Task goal
Go through the entries below and print, exactly, the lines starting at the one with "Floral Print 3/4 Sleeve Top" and ending at the one with "Lauren Annabelle Studio", keeping both ends and no others.

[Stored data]
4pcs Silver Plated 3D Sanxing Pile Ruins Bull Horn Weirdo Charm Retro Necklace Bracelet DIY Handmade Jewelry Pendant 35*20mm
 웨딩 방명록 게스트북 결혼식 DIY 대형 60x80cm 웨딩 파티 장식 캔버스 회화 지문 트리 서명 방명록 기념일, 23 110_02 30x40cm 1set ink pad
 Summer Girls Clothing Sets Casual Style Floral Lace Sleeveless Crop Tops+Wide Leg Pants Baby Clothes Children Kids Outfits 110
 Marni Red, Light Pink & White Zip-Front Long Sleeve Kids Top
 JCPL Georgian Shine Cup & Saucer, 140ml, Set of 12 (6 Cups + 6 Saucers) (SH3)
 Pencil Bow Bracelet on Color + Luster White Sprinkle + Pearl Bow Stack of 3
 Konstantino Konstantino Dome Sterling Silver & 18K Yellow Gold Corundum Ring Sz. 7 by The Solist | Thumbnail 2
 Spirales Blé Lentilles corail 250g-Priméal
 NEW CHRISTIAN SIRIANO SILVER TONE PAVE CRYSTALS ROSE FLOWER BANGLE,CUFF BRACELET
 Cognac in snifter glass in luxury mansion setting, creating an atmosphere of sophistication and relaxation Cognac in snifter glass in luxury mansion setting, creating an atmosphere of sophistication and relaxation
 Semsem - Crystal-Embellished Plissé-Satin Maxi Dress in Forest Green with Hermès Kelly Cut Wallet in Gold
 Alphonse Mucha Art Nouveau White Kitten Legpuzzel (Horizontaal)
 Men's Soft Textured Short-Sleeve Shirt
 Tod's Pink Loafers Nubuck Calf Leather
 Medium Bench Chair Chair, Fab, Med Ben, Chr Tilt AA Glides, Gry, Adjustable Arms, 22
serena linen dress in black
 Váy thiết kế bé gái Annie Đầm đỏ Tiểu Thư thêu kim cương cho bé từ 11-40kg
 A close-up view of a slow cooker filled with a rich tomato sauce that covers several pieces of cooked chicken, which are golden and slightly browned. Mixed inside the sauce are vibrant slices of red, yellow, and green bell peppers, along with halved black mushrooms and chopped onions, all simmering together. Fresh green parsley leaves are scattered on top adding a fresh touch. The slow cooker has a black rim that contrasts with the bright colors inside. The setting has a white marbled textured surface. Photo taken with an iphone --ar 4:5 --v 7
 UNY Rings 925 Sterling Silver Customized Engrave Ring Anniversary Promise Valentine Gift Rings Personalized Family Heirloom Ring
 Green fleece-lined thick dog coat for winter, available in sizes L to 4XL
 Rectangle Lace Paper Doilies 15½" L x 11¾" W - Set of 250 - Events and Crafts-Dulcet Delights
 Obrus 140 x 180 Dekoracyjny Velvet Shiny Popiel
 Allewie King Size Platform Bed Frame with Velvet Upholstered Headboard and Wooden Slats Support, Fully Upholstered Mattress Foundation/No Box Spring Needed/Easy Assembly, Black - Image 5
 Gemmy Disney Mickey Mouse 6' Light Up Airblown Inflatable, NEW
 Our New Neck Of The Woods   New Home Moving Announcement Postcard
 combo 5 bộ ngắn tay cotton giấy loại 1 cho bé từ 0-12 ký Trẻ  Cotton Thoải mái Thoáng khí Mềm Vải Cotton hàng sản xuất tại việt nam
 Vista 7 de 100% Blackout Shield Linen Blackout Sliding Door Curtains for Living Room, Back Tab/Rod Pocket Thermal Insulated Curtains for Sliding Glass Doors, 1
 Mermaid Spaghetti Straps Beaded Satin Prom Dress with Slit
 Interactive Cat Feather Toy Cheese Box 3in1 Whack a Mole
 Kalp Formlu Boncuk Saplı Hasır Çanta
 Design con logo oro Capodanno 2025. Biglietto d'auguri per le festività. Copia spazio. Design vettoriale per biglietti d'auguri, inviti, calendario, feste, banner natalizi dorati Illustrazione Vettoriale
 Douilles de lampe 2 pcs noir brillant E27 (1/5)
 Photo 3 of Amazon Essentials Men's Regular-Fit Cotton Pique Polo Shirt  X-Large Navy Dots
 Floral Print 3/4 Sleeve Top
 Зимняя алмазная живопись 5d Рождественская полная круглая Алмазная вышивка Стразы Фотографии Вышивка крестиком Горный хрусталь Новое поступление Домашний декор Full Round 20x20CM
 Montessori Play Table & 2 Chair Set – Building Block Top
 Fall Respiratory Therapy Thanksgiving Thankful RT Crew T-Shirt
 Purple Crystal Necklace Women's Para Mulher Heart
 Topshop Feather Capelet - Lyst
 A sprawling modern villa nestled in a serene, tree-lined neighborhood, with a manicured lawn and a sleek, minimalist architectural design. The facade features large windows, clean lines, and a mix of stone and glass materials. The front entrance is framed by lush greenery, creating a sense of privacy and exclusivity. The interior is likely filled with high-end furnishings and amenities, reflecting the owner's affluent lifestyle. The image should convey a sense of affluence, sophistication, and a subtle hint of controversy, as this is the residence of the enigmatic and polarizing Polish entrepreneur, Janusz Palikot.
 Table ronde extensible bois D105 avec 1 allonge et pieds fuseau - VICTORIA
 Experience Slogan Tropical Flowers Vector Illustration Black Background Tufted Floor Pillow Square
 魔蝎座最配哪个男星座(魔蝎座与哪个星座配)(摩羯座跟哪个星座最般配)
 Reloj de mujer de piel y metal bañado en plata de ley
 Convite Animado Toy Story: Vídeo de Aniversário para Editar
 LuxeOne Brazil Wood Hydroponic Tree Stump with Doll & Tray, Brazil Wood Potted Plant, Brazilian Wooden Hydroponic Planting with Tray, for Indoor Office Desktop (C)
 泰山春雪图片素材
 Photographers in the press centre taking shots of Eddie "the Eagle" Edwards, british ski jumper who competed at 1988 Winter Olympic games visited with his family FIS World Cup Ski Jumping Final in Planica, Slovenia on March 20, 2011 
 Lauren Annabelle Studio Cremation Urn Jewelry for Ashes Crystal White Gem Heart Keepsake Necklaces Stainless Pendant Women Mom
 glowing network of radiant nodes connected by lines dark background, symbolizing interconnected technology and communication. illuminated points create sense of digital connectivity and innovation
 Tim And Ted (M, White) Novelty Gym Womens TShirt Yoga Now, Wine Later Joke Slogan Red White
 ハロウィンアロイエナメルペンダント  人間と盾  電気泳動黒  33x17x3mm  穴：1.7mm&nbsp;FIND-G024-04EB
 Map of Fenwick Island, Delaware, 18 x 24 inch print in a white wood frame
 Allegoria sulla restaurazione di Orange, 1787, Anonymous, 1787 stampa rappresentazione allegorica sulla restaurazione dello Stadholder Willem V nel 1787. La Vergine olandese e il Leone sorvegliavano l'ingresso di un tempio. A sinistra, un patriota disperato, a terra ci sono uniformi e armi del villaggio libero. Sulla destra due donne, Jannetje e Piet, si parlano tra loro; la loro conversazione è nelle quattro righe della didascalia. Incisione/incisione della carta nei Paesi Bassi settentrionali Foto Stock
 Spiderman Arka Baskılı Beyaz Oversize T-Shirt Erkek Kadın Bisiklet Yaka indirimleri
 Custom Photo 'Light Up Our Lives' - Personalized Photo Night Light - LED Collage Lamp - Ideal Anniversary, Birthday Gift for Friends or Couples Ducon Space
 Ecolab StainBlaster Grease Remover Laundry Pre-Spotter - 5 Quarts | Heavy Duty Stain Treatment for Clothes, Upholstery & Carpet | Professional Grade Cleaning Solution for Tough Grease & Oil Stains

Output
 Floral Print 3/4 Sleeve Top
 Зимняя алмазная живопись 5d Рождественская полная круглая Алмазная вышивка Стразы Фотографии Вышивка крестиком Горный хрусталь Новое поступление Домашний декор Full Round 20x20CM
 Montessori Play Table & 2 Chair Set – Building Block Top
 Fall Respiratory Therapy Thanksgiving Thankful RT Crew T-Shirt
 Purple Crystal Necklace Women's Para Mulher Heart
 Topshop Feather Capelet - Lyst
 A sprawling modern villa nestled in a serene, tree-lined neighborhood, with a manicured lawn and a sleek, minimalist architectural design. The facade features large windows, clean lines, and a mix of stone and glass materials. The front entrance is framed by lush greenery, creating a sense of privacy and exclusivity. The interior is likely filled with high-end furnishings and amenities, reflecting the owner's affluent lifestyle. The image should convey a sense of affluence, sophistication, and a subtle hint of controversy, as this is the residence of the enigmatic and polarizing Polish entrepreneur, Janusz Palikot.
 Table ronde extensible bois D105 avec 1 allonge et pieds fuseau - VICTORIA
 Experience Slogan Tropical Flowers Vector Illustration Black Background Tufted Floor Pillow Square
 魔蝎座最配哪个男星座(魔蝎座与哪个星座配)(摩羯座跟哪个星座最般配)
 Reloj de mujer de piel y metal bañado en plata de ley
 Convite Animado Toy Story: Vídeo de Aniversário para Editar
 LuxeOne Brazil Wood Hydroponic Tree Stump with Doll & Tray, Brazil Wood Potted Plant, Brazilian Wooden Hydroponic Planting with Tray, for Indoor Office Desktop (C)
 泰山春雪图片素材
 Photographers in the press centre taking shots of Eddie "the Eagle" Edwards, british ski jumper who competed at 1988 Winter Olympic games visited with his family FIS World Cup Ski Jumping Final in Planica, Slovenia on March 20, 2011 
 Lauren Annabelle Studio Cremation Urn Jewelry for Ashes Crystal White Gem Heart Keepsake Necklaces Stainless Pendant Women Mom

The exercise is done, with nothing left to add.